In this regard, the Institute of Medicine has estimated that 44,000 to 98,000 Americans annually die from adverse drug reactions (ADRs). Somewhat similarly, a Swedish population-based study showed that approximately 3 percent of randomly selected deaths involved suspected fatal ADRs, most commonly involving anti-thrombotic drugs (Wester K, Jönsson AK, Spigset O, et al. Br J Clin Pharmacol. 2008;65(4):573-579).

Since World War II, he adds, cooperation between the pharmaceutical industry and regulatory agencies worldwide has produced increasing numbers of effective drugs.

And unlike before World War II, most of these drugs have convincing evidence that they're effective,” Dr. Maibach says.

Additionally, “We must also consider all the other medications that are used but not approved.” Examples include drugs that were introduced before 1962, and unapproved copies of approved drugs. Natural and herbal products further complicate the situation, Dr. Maibach says.

The result is “a quadratic equation in terms of the relationship of one medication to another,” he says.

Long wait for research

Medication guides given to patients list what is generally known about the interactions of each prescription drug with others.

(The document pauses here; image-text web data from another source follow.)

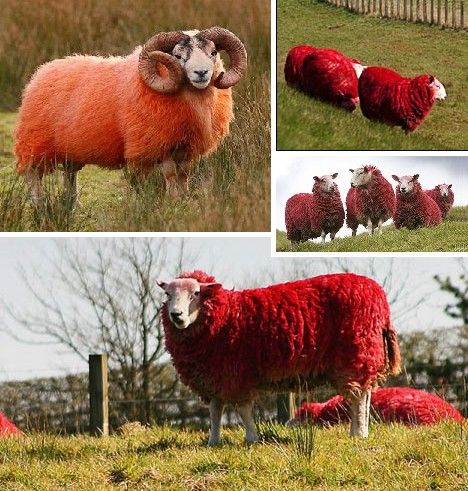 Red animals are rarely retiring - their brilliant crimson, scarlet and vermillion hues dare others to notice them and, often as not, remind them to keep th Red Insects, Red Sheep, Red Animals, Message Center, Amazing Animal Pictures, Curious Creatures, Sheep And Lamb, Free Internet, Cute Sheep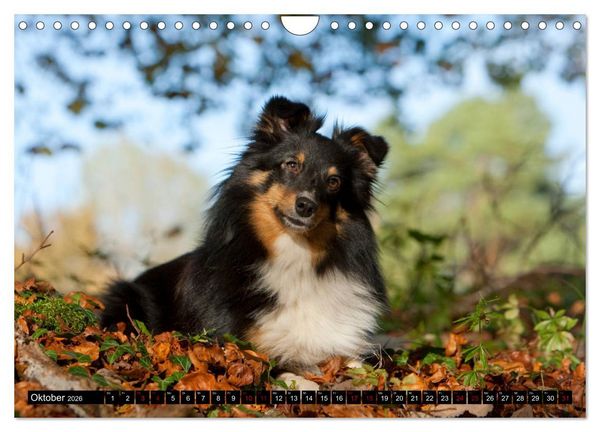 Produktbild: Shetland Sheepdogs - Kleine Charmeure (Wandkalender 2026 DIN A4 quer), CALVENDO Monatskalender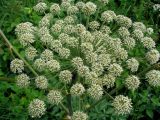 Angelica sylvestris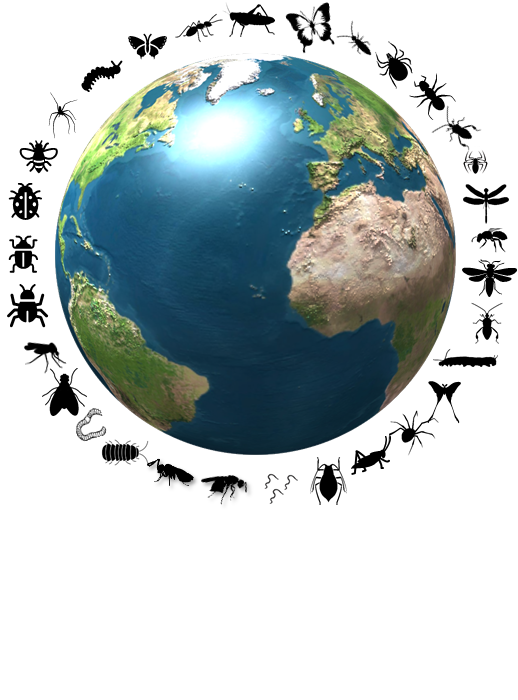 Vandaag met <a href="/SvenAKWA/">Sven Teurlincx</a> een inspiratiesessie verzorgd voor <a href="/Leisurelands/">Leisurelands</a> die streven naar meer biodiversiteit op hun terreinen. Natuur en recreatie kunnen prima samen! Met speciale aandacht voor #insecten en #onderwaterdiertjes <a href="/niooknaw/">NL Inst of Ecology</a>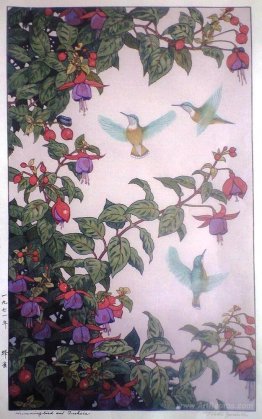 Hummingbird and Fuchsia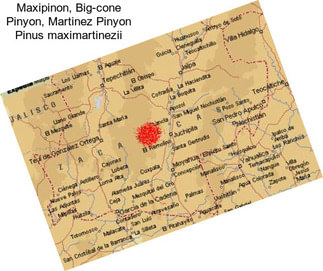 Maxipinon, Big-cone Pinyon, Martinez Pinyon Pinus maximartinezii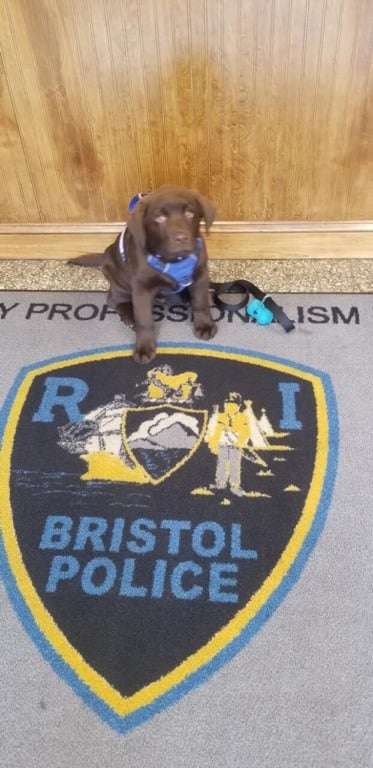 Cachorro em tapete de delagacia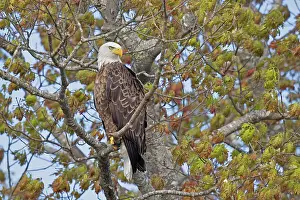 Accipitriformes Prints: Bald eagle (Haliaeetus leucocephalus) perched in tree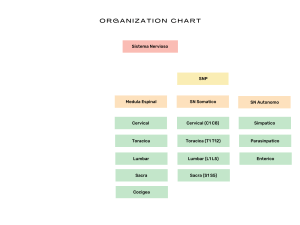 Beige Modern Business Organization Chart Graph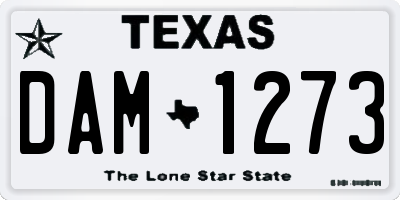 TX license plate DAM1273
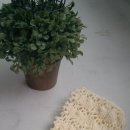 주구장창 이미지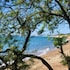 hyeres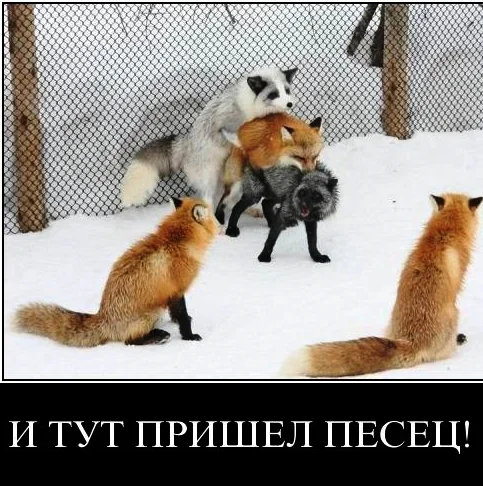 700bf0.webp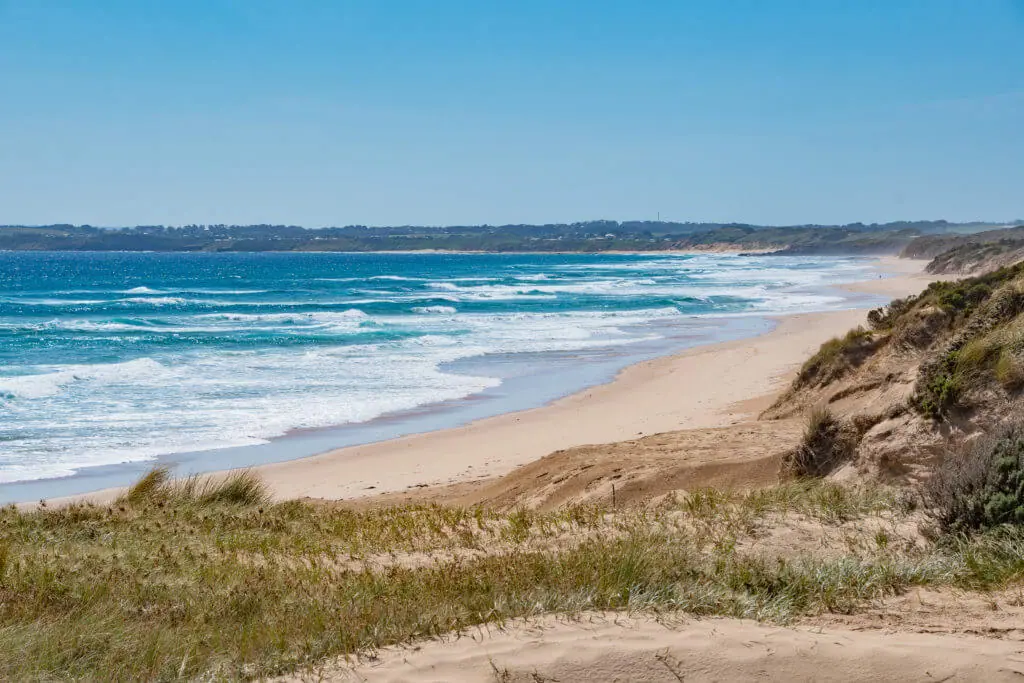phillip island day trip from melbourne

However, Dr. Maibach says, such guides include only well-established research.

“And it often takes quite a while for us to figure out what to put on that computerized interaction sheet. There is an enormously complex literature slowly building up of the things we know less about, that don’t appear in the package insert,” he says.

Moreover, Dr. Maibach says, the complexity of the legal, scientific and regulatory interaction between drug sponsors and regulators worldwide means that, “There’s often a lag of many years between when we’ve figured out what we should be doing, and when we get that information into the insert.”

This lag is particularly perilous, he says, in light of the fact that between 1982 and 2000, 60 percent of drugs worldwide required post-approval dosing changes, according to the World Health Organization (Saggar S, Maibach HI. Cutan Ocular Toxicol. 2007;26(3):171-180). Dermatologic drugs that underwent labeling changes between 1985 and 2000 include acyclovir, dapsone, erythromycin, itraconazole and isotretinoin, to name a few, Dr. Maibach adds.

Furthermore, only half of reported ADRs occur in the first seven years of marketing (Lasser KE, Allen PD, Woolhandler SJ, et al. JAMA. 2002;287(17):2215-2220).

Oldest, youngest patients left out

“Certain populations are clearly not yet addressed as adequately as we would like in the standard package insert.”

For example, he says elderly patients process drugs relatively slowly, and they’re usually on several drugs simultaneously.

“There’s even less literature to help deal with the very young because it is much more difficult to get data for them” than for the elderly.

Ideally, Dr. Maibach says, published reports say that whenever a drug is being prescribed or dispensed, providers at the point of care need to know not only the drug’s indication, duration and treatment plan, but also the following information:

  • adverse effects

  • drug-drug interactions

  • risks for allergy or hypersensitivity

  • usage guidelines

  • age-related dosing requirements

  • what the drug looks like (a picture)

Although electronic health records (EHRs) have begun meeting some of these needs, he adds, they ultimately will require more user-friendly “smart” features and interactive functionality than they currently offer. Overall, Dr. Maibach says, “Healthcare providers at the point of care need more quantitative data at their fingertips to prevent drug-related morbidity and mortality.”

Prescribers, payers, manufacturers and pharmacies also must continue increasing their level of pharmacovigilance, he adds, and the efficiency of healthcare informatics.

For prescribers, Dr. Maibach suggests conservative prescribing (Schiff GD, Galanter WL, Duhig J, et al. Arch Intern Med. 2011;171(16):1433-1440).

“When practical,” he says, “start one drug per visit. Minimize frequent switches.” Generally, Dr. Maibach recommends using relatively few drugs for a given indication - but knowing how to use them expertly. Educating patients about dosing requirements and drug interactions is also a must, he says.

Disclosures: Dr. Maibach has authored or co-authored several textbooks regarding evidence-based prescribing and ADRs.